Ormat’s retreat: Geothermal no slam dunk
Northern Nevada Business Weekly
Ormat Technologies’ recent troubles at its Carson Lake project in Churchill County underscore the gamble geothermal developers take when trying to bring new projects online.
Ormat recently pulled the plug on a power purchase agreement signed in 2006 with NV Energy after delays in bringing online the proposed 30-megawatt Carson Lake geothermal plant.
Reno-based Ormat began pre-drilling at the Carson Lake site near the beginning of 2007, but the company never found the high-temperature hot water supplies it expected to drive turbines at the proposed facility.
Costs mounted as Ormat conducted additional exploration drilling in hopes of finding a lower-temperature resource.
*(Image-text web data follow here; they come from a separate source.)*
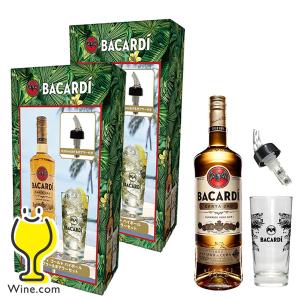 サッポロ（SAPPORO） ラム酒 スピリッツ ゴールドラム バカルディ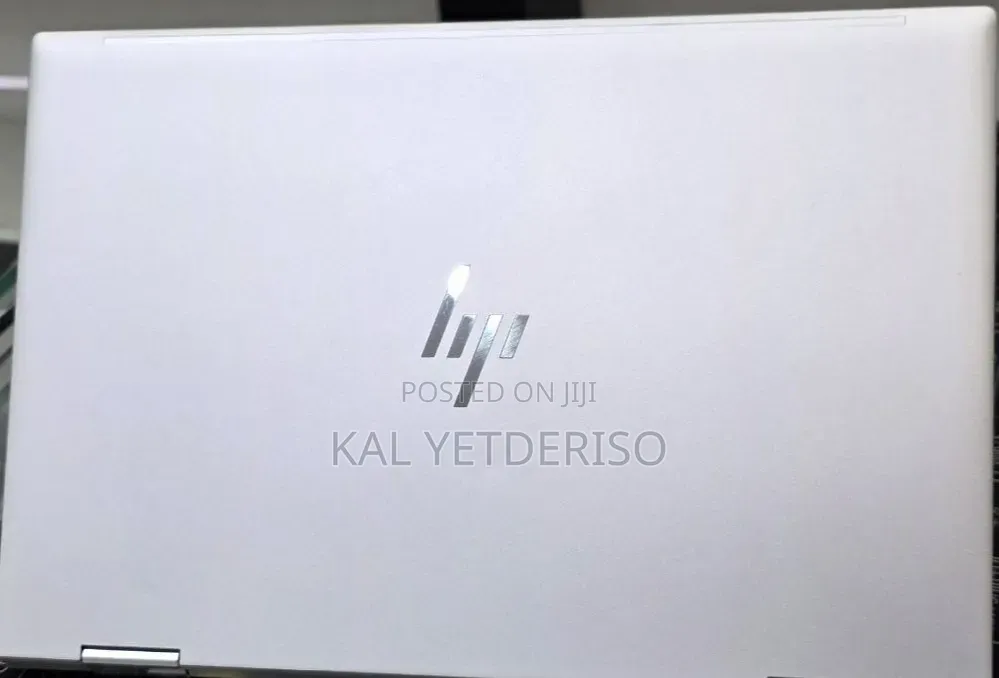 New Laptop HP EliteBook 830 G7 16GB Intel Core i7 SSD 512GB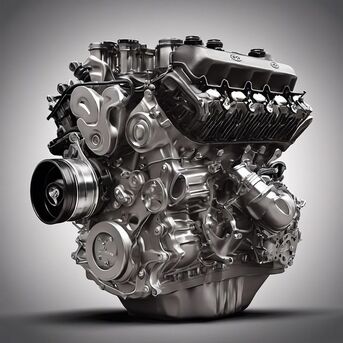 New York, Auto Parts, USD 500,  2006 Used AUDI A3 Engines &ndash; Tested & Ready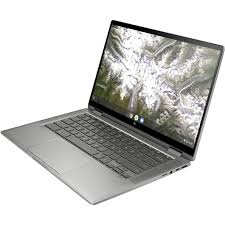 HP CHROMEBOOK X360 14C I3-10110U 2.10GHZ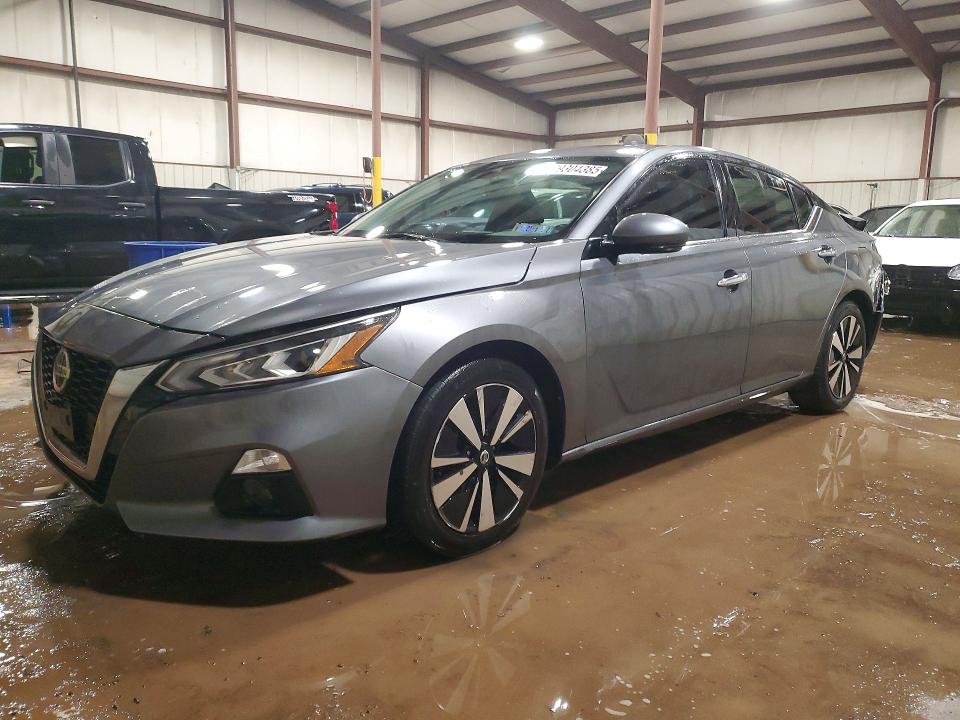 Продажа на аукционе авто 2019 Nissan Altima, vin: 1N4BL4EV6KC235148, номер лота: 79304385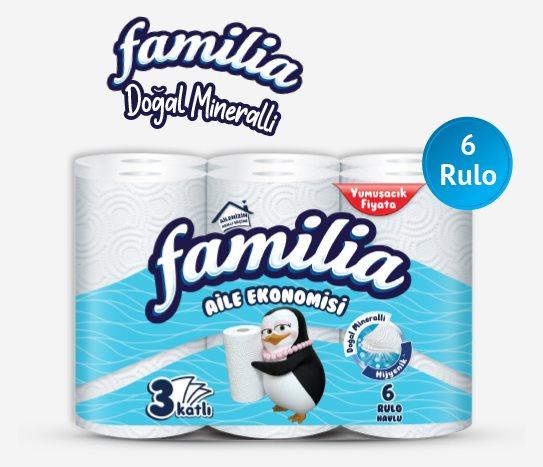 Kağıt Havlu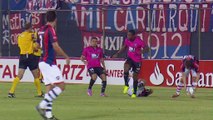 Copa Sudamericana: Cerro Porteño 3-0 Independiente del Valle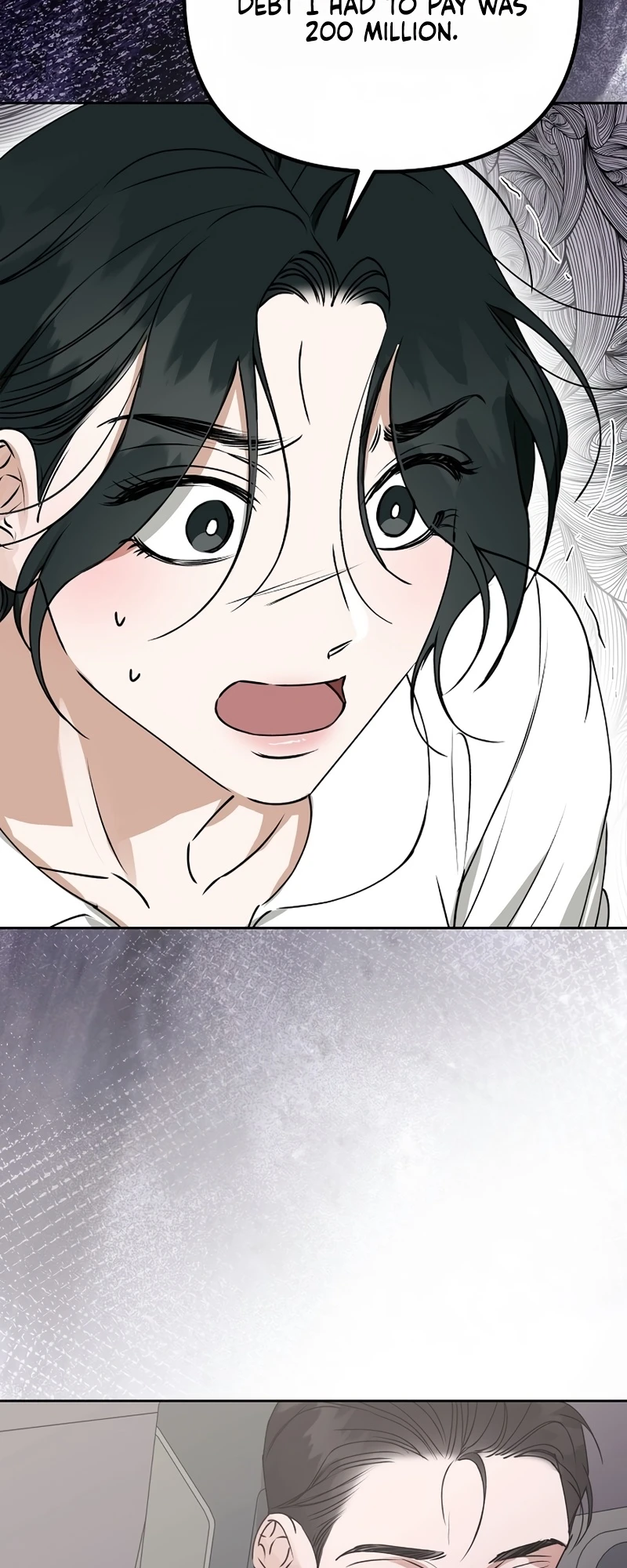 Hunger Chapter 7 page 21 -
On Dec. 22 the company announced it had terminated its power purchase agreement for the Carson Lake facility and paid NV Energy a fee of $1.7 million. The power purchase agreement was scheduled to go into effect in 2010.
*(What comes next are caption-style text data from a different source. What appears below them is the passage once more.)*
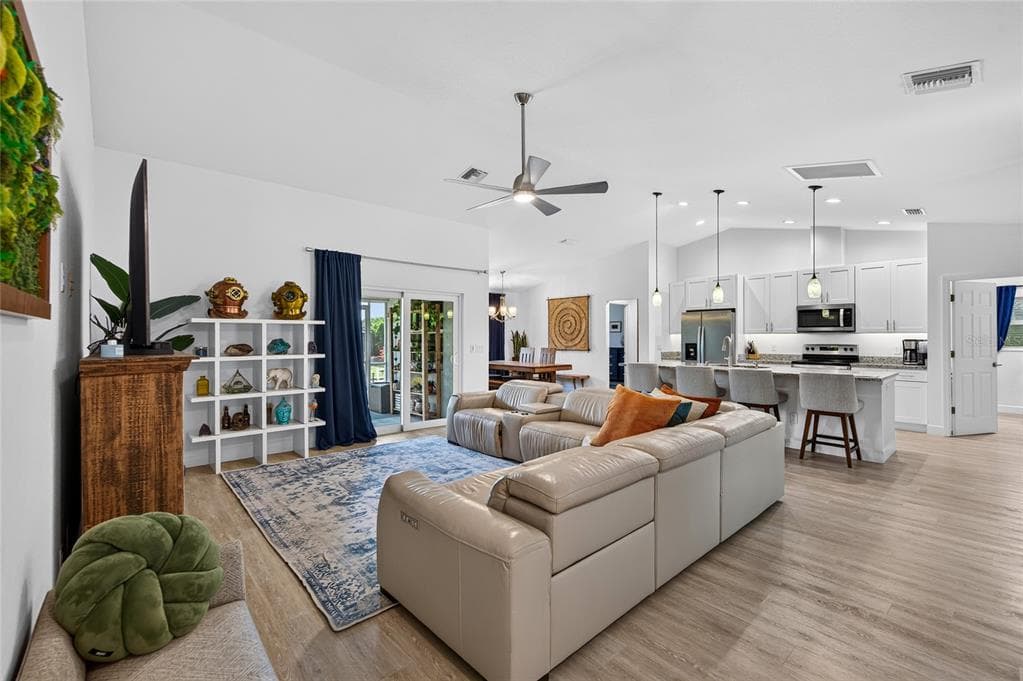 3104 SEAFARER DRIVE, PUNTA GORDA, FL 33983 — zdjęcie 5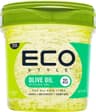 Gel styling all'olio d'oliva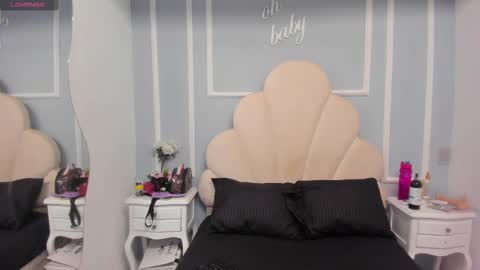 maddybenson online show from September 29, 3:38 am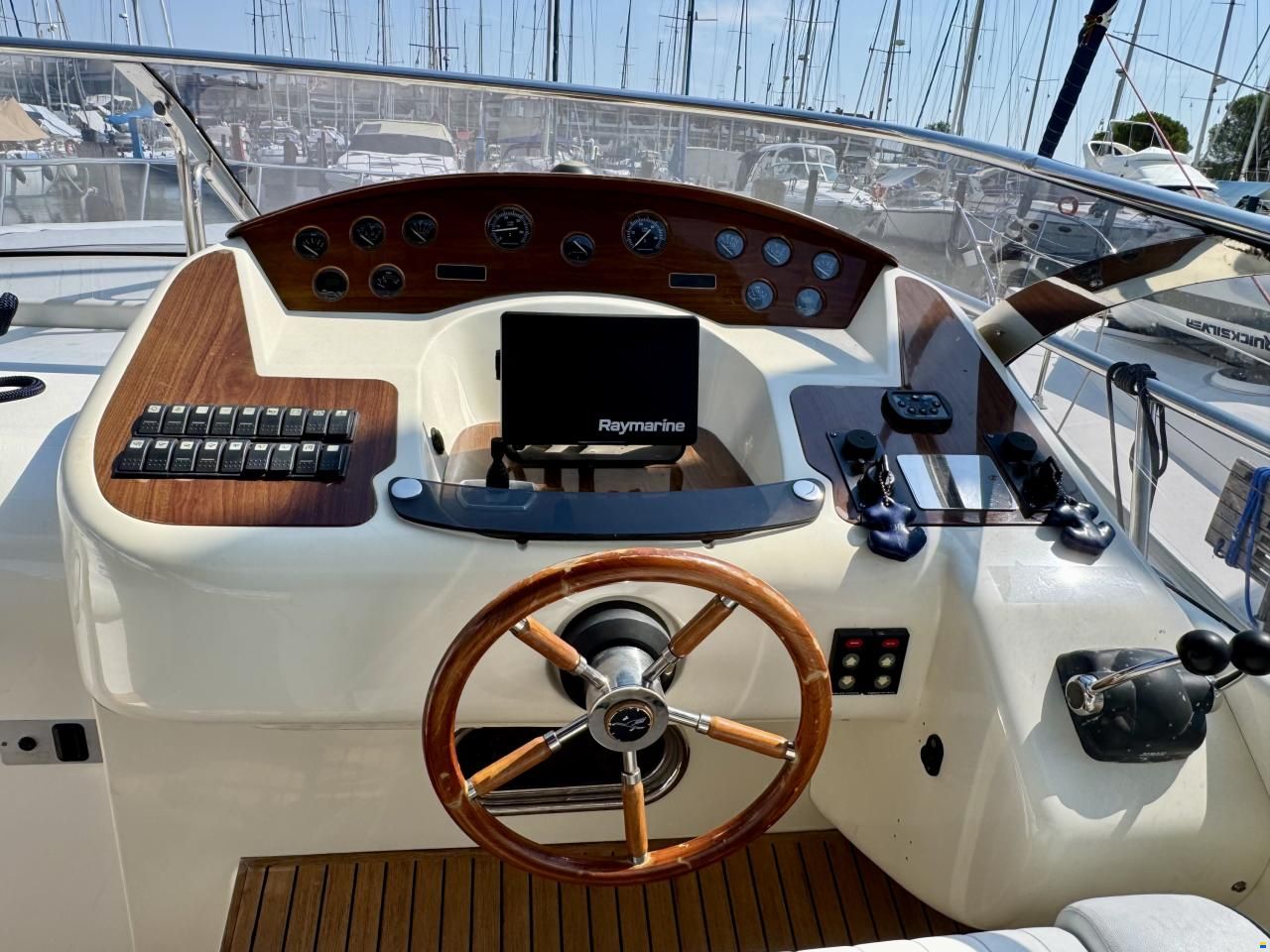 Airon Marine Marine 425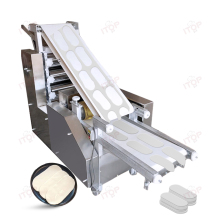 Commercial Roti Maker: Rotimatic - Automatic Roti Bread Machine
“We were expecting to find a high-temperature resource at Carson Lake, and what we were expecting to find never materialized,” says Paul Thomsen, Ormat’s director of public policy and business development. “When we looked to do additional drilling for a low-temperature resource, we ran into permitting delays that started to have an economic impact on the project. After keeping it on the books for some time, we thought in conjunction with NV Energy that it was best to terminate the existing PPA.”
Thomsen says that Ormat hasn’t completely nixed plans for a geothermal plant at Carson Lake.
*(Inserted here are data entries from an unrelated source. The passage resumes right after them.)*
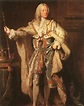 Giorgio II re d'Inghilterra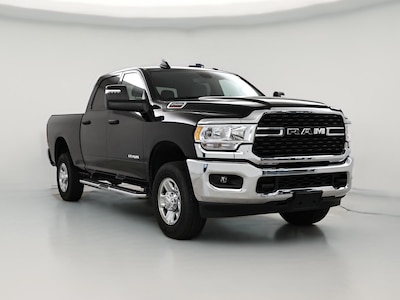 2024 Ram 2500 Bighorn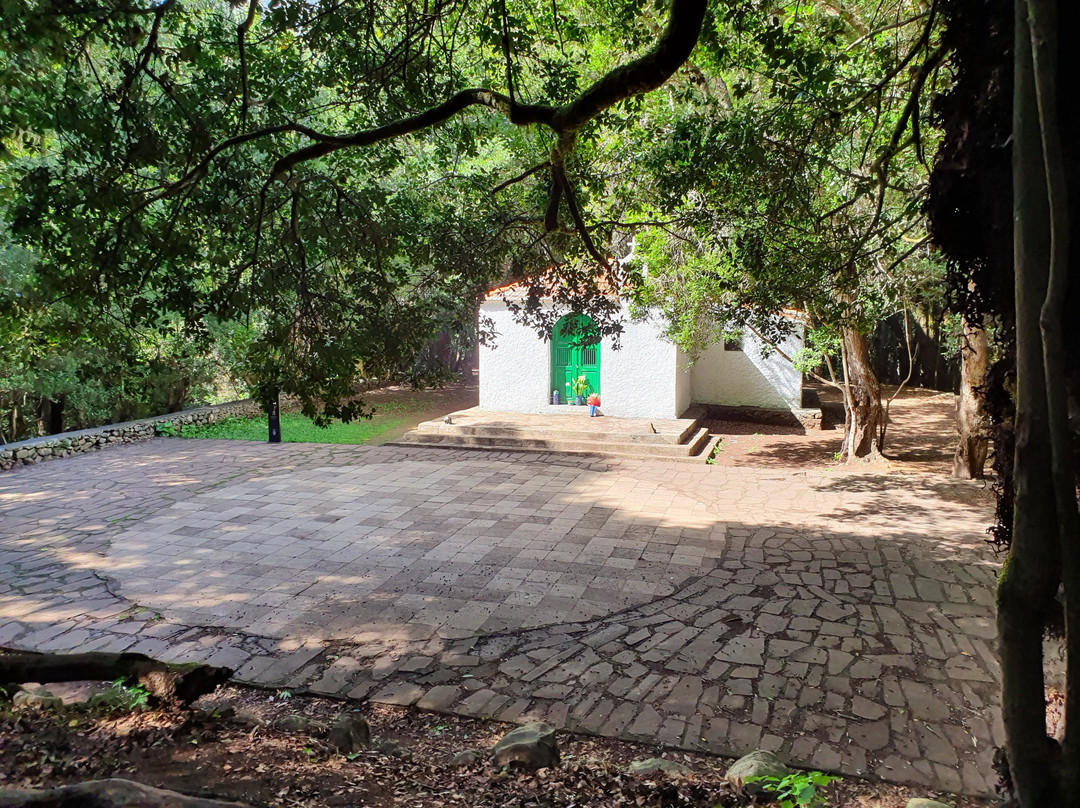 Ermita Lourdes景点图片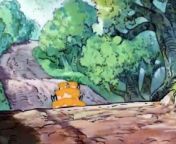 Winnie the Pooh S01E18 My Hero + Owl Feathers from bangla song hero fakirp 16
“The world was a different place in 2006 than in was in 2011, and there is a real focus on pricing and getting the best value for ratepayers. These are all things we have to consider when looking at the project,” he says.
“We are going to continue to look at whether or not a low-temperature resource at Carson Lake is viable and would lend itself to being a commercially viable project. We have a lot more work to do and have to evaluate the economy and where prices are going in the future.”
The Carson Lake facility is a good example that geothermal development often is a gamble – there’s simply no guarantee that drilling deep will produce a viable hot-water resource. Developers sometimes roll boxcars and crap out.
Vancouver-based Nevada Geothermal Power, for instance, faces problems at its Blue Mountain geothermal project near Winnemucca because of declining hot water temperatures that have led to reduced power production. The Blue Mountain power plant, which came online in 2009, was scheduled to produce an average of 49 megawatts when constructed.
However, in the third quarter of 2011 it produced an average of just 30 megawatts.
Also in early 2011 Reno’s Ram Power encountered large cost overruns at its flagship San Jacinto-Tizate plant in Nicaragua. Ram founder Hezy Ram ended up resigning from the company, which also shook up its personnel in its Reno office in October. Ram Power got its San Jacinto project back on track in late December, though, when it announced it had successfully synchronized a 36-megawatt expansion at the plant with the Nicaraguan national electrical grid.
“We take on all the risk for exploration and put all those people to work,” Ormat’s Thomsen says. “Whether or not it ever comes to fruition, the ratepayers are not held responsible for that work.
“This is why you don’t see a lot of utilities developing projects – it is a risk they can’t take on. It is risk borne by the developers, and ratepayers are protected from it. When people look at the cost of renewable energy, they say it is just so much more expensive. Some of that cost is from insulating the utility from (development) costs.”